50 Rolfe Square
Cranston, Rhode Island
December 6 - 22, 2012
The Artists' Exchange Black Box Theater is a storefront theater on Rolfe Square in Cranston, just down the street from the Park Theater. We'd heard of them last year, and wanted to check them out.
We went to the opening night of A Christmas Carol, and had a really nice time. The theater is tiny - only 25 seats - which creates a very intimate atmosphere with the performance. Since we had seats on the floor, we were literally sitting on the edge of the stage. And it really is a black box, although there's a nice cafe (with really good cider) attached to the theater.
|Black box set|
Just prior to the performance, we learned that the theater will be moving down the street to 82 Rolfe Square and a larger performance space. We also discovered that Bear knows the cellist, Flannery Brown, who gave a beautiful solo of "Patapan" at one point during the show.
I didn't want to take pictures during the play, and unfortunately there are no photos from rehearsals on AE's site, so we're going to be a little short on images.
The play began with Marley as the narrator - a direction I hadn't seen before that was an interesting twist that allowed much more of Dickens' original prose to come out. Tom Chace, who played Marley, was very good. His mournful howls raised the hair on the back of my neck. He also (at least in makeup) bears a striking resemblance to Abraham Lincoln.
Bob Cratchit (Nicholas Viau) was a likable young man with a good voice and a very affable manner. Ebenezer Scrooge (Mark Carter) was not pinched and gaunt, the way I normally think of him, but had a quick and serious, irascible manner that fit the character well.
Between the scenes a chorus of young children sang carols. It was charming to watch, and many of them had very good voices. I'm thinking particularly of the young woman who sang O Holy Night in descant with two others. She also played Fred's sister-in-law in the party scenes, although according to the program it was two different girls. Regardless, she was a real standout.
The Ghost of Christmas Past (Mia Ray) was a sparkly, spinning snow nymph sort of creature, with a knowing tone. And the little boy Scrooge (Richard Soucy) was adorable, despite not having any lines.
Another standout singer was Victoria Soucy, who played Fezziwig's daughter and sang in the same trio. She had a very pretty, operatic, in Bear's words, soprano. In the upper registers, her voice was very mature.
Tiny Tim was adorable and had a good accent. The program lists two names, Katherine Culhane and Samia Nash. I'm not sure which we saw, but she was very good.
Emily Carter gave an impressive performance as the charwoman who sold Scrooge's bedcurtains. She held her accent well, owned the stage but didn't overshadow the other actors.

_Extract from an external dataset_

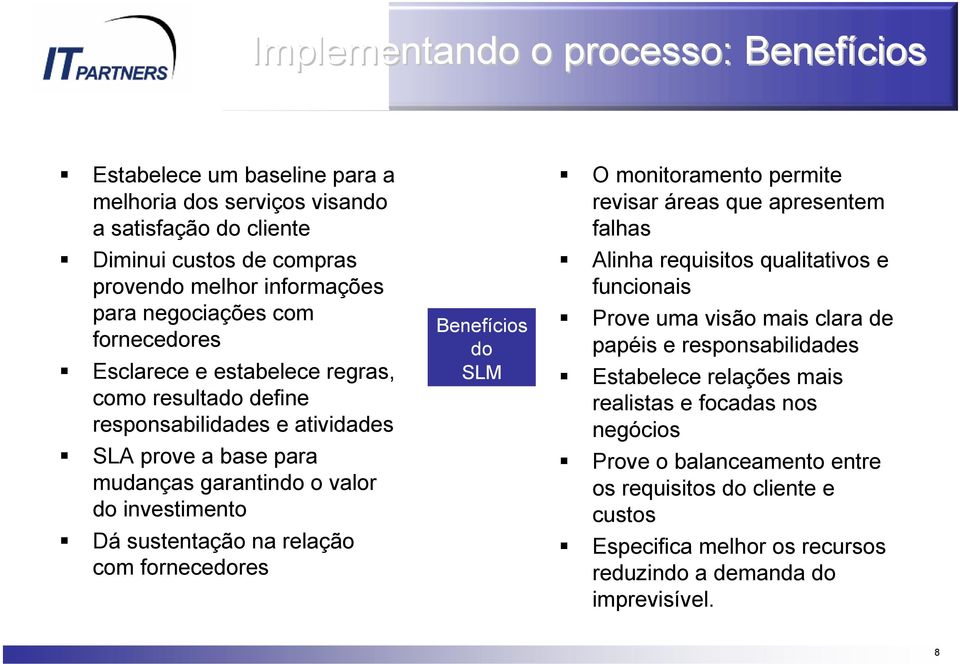 com fornecedores Benefícios do SLM O monitoramento permite revisar áreas que apresentem falhas Alinha requisitos qualitativos e funcionais Prove uma visão mais clara de papéis e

Also of note was Meg Taylor-Roth's Mrs. Cratchit. Although a bit stiff with the dialog at first, she came right back, and her body language showed a real fondness and affection for her "family."
Bear and I really enjoyed the performance, although we found having Tiny Tim as the boy who gets half a crown for fetching the poulterer to be a small misstep. It made Bob's surprise at Scrooge's changed attitude later less believable, and we would have thought Scrooge would recognize him.
Nevertheless, the ending was uplifting and we left the theater feeling very good.
We had a very good time at the show, and appreciated the casting of child and challenged actors in some of the parts. It was clear they were having a good time, but also taking their roles seriously. I really liked the caroling between the scenes.
They'll be playing weekends for the next couple of weeks, and then at the Park Theater. It's definitely worth the time.